For those who record from a studio, you may find your feet kick against the wires. To prevent damage to your equipment and cable-knocking noises in your recording, get gaffers tape and run the excess cables along the floor. That way, you won’t be able to kick the cables around and your studio remains hazard-free.

Additionally, whether you record inside or outside, a good shock mount is a must. These reduce micro-vibrations. If you’re walking and recording this is imperative for a shotgun mic. Likewise, if you’re in the studio and speak with your hands. I’m guilty of doing so and have bumped my desk which then jostled the boom mic, forcing me to re-record. Had I used a shock mount, I likely could have gotten away without a second recording.

Power requirements

The Cloudlifter plugged into a USB interface can lessen common recording problems.

The CL-1 Cloudlifer takes full advantage of phantom power and gives your dynamic mic more gain with minimal noise.

Certain microphones require phantom power, which is just external juice to properly power the microphone. Most specification sheets denote whether or not external power is required. In the case of condenser microphones, phantom power works two-fold: it drives the mic and polarizes the internal transducer. It’s an easy fix, as most audio interfaces include a phantom power toggle. You can even grab a separate preamp, which is a compact solution.

Room acoustics

The Beyerdynamic DT 1990 Pro headphones in front of foam paneling on walls.

Foam panels can greatly reduce in-room echoes.

Depending on where you’re recording, your microphone may register outside noises and room echoes. While not everyone can afford to professionally soundproof their rooms, there are some affordable fixes available.

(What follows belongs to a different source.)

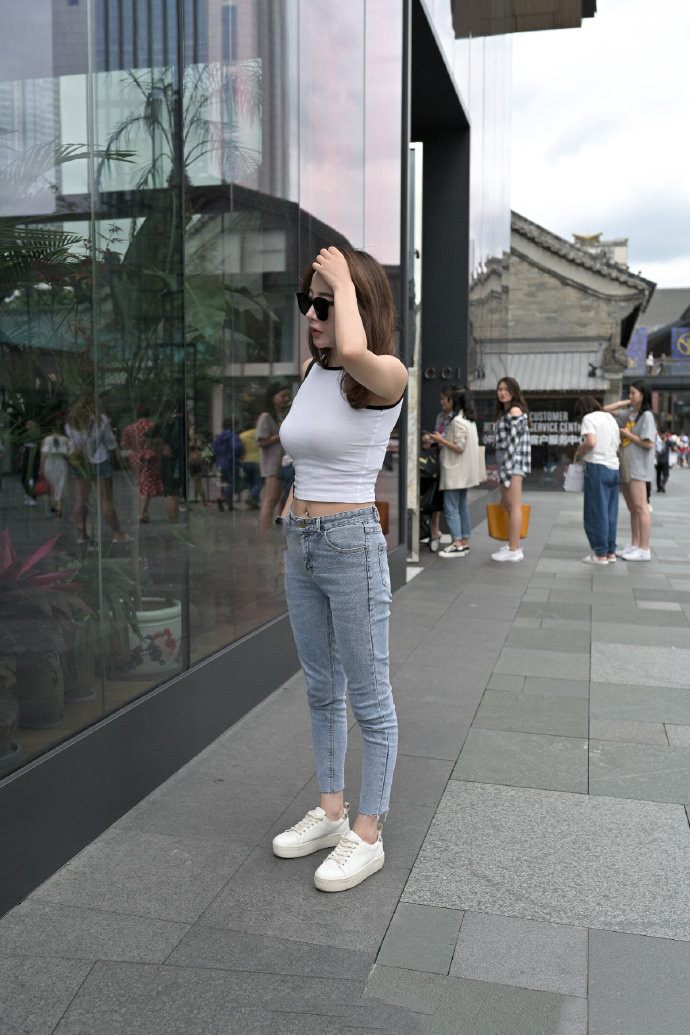 小姐姐修身背心搭配牛仔裤, 看着更显美感和精致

Invest in foam panels and bass traps. While these aren’t the most aesthetically pleasing decor, they’re functional and can effectively reduce echoes and reverb. They won’t help with external noise, but if you can move to an internal room in your building or apartment while recording that will further improve recording quality.

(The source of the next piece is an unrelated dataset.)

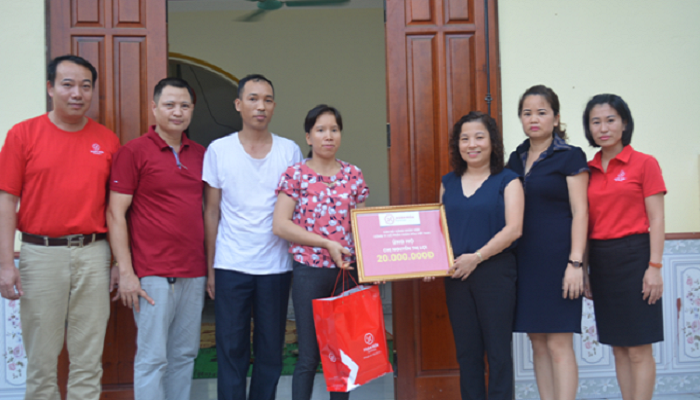 xuan-hoa-gay-quy-ung-ho-03-cnv-co-hoan-canh-dac-biet-kho-khan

You might like: How to podcast at home

Even though proper recording technique is often learned by means of trial and error, this guide should help you avoid the most common recording problems. There’s plenty to be aware of when recording people, too. If you’re not sure where to start, be sure to check out our best podcasting and YouTube microphone picks.

Frequently Asked Questions

Should I buy certain headphones to monitor my mix?

It's wise to invest in dedicated studio headphones when you're working on an audio project, whether you're mixing a podcast or a few music tracks for a friend. When you're shopping around for headphones, you should pay attention to things like an accurate frequency response, proper isolation (if you don't have access to a studio environment), and a comfortable, durable build.

What DAW do you guys recommend?

We have an in-depth article to help you find the best digital audio workstation (DAW) for your needs here! If you're a newbie with a Windows machine, we recommend Magix Music Maker for its clean UI and free tier. If you want to step it up a notch, consider Logic Pro X (macOS).